== EXERCISE AIM ==
Each record that follows is to be transcribed exactly, excluding its images.

(Stored data)
---*---

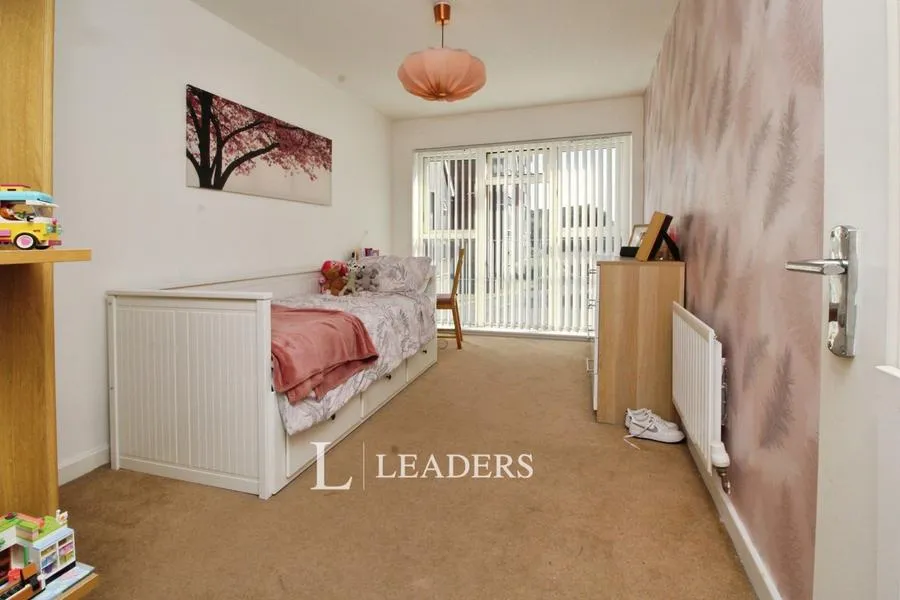 Millward Drive, Bletchley, MK2, photo 9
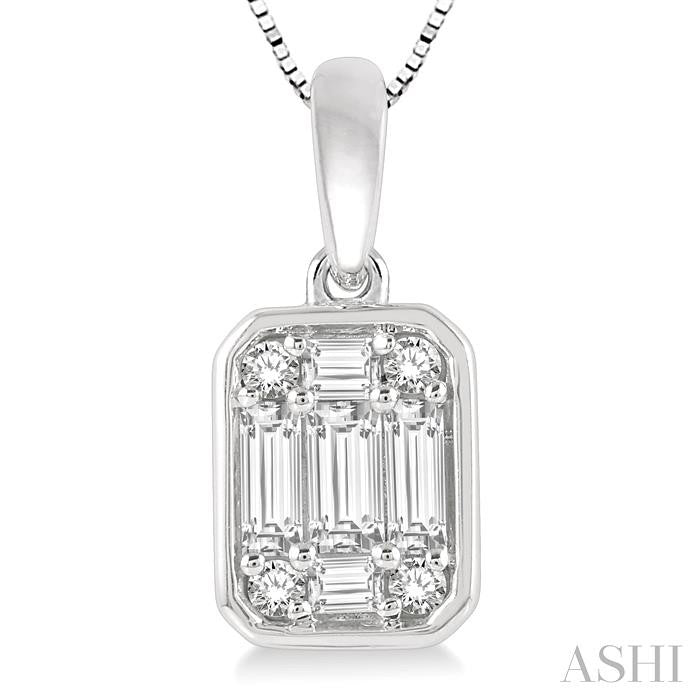 1/2 Ctw Octagonal Shape Baguette and Round Cut Diamond Pendant With Chain in 14K White Gold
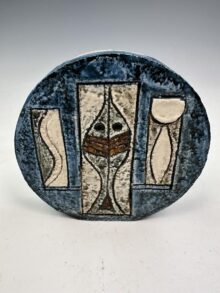 TROIKA POTTERY small wheel vase, abstract fish design, 12cm, by Annette Walters.
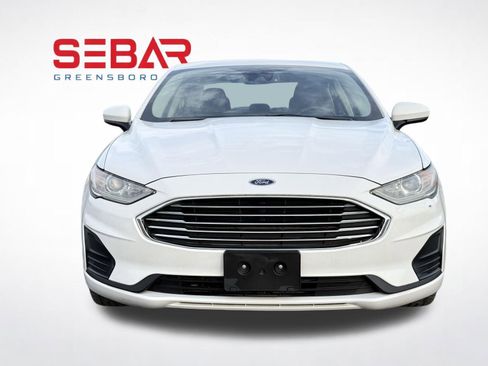 Used 2019 Ford Fusion SE FWD image 2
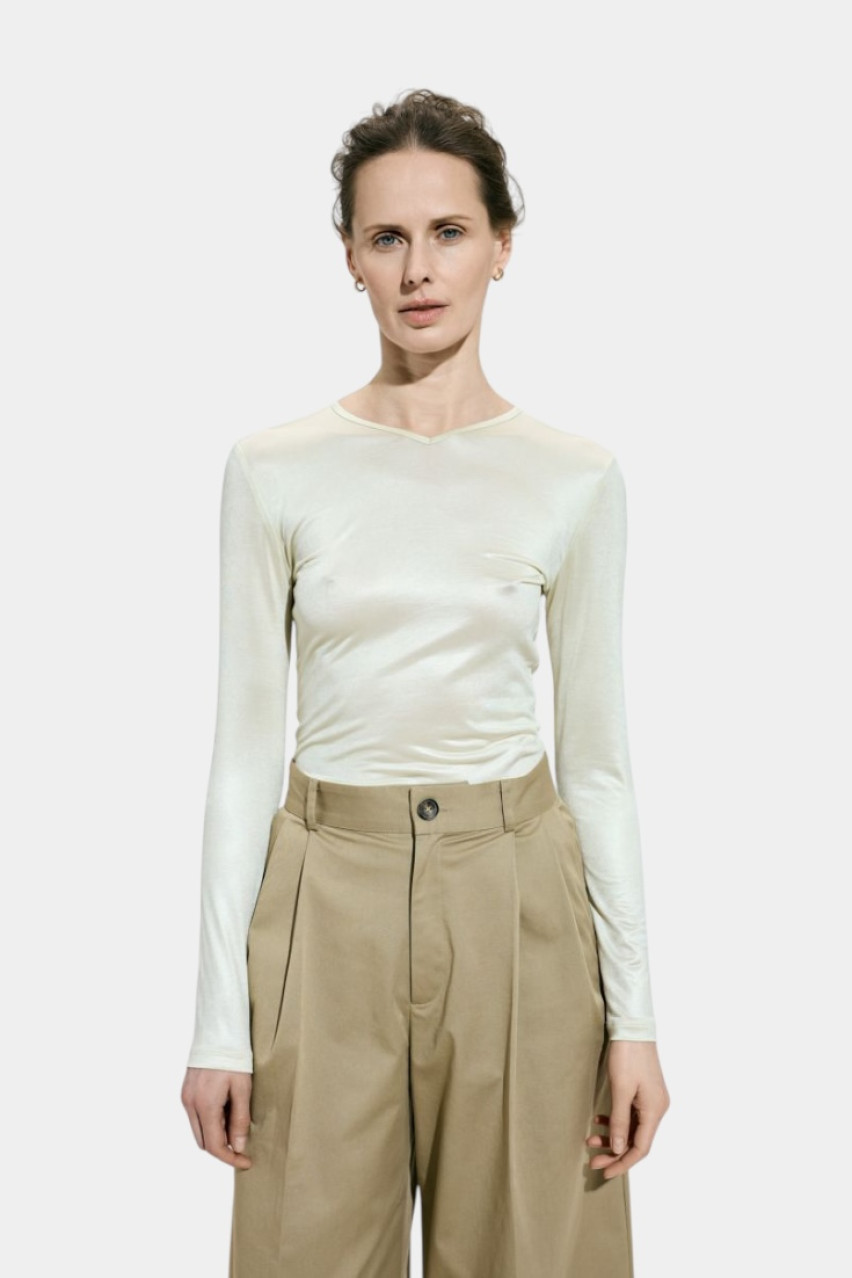 Молочний лонгслів з віскози 3169011 JUL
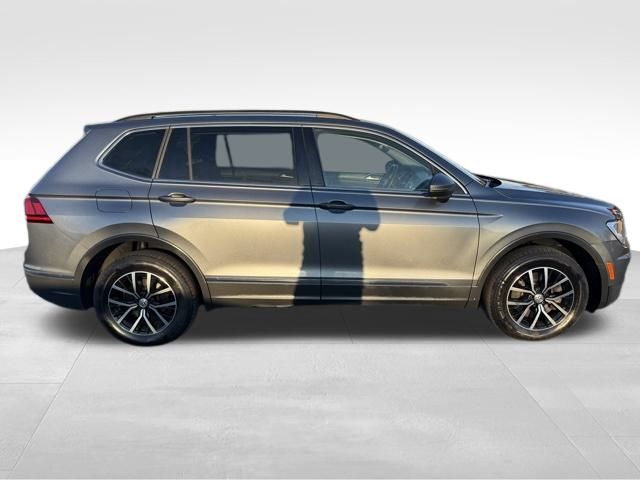 2021 Volkswagen Tiguan SE photo 3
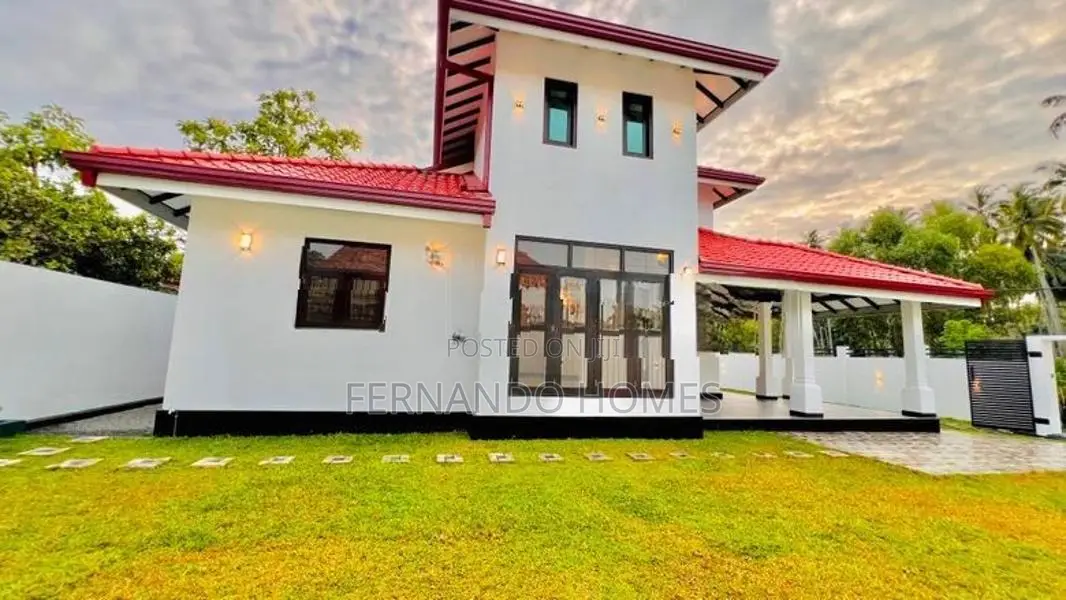 Deluxe Nice Garden With Beauty Luxury House For Sale In Kandawala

---*---

== COMPLETED TASK ==
 Millward Drive, Bletchley, MK2, photo 9
 1/2 Ctw Octagonal Shape Baguette and Round Cut Diamond Pendant With Chain in 14K White Gold
 TROIKA POTTERY small wheel vase, abstract fish design, 12cm, by Annette Walters.
 Used 2019 Ford Fusion SE FWD image 2
 Молочний лонгслів з віскози 3169011 JUL
 2021 Volkswagen Tiguan SE photo 3
 Deluxe Nice Garden With Beauty Luxury House For Sale In Kandawala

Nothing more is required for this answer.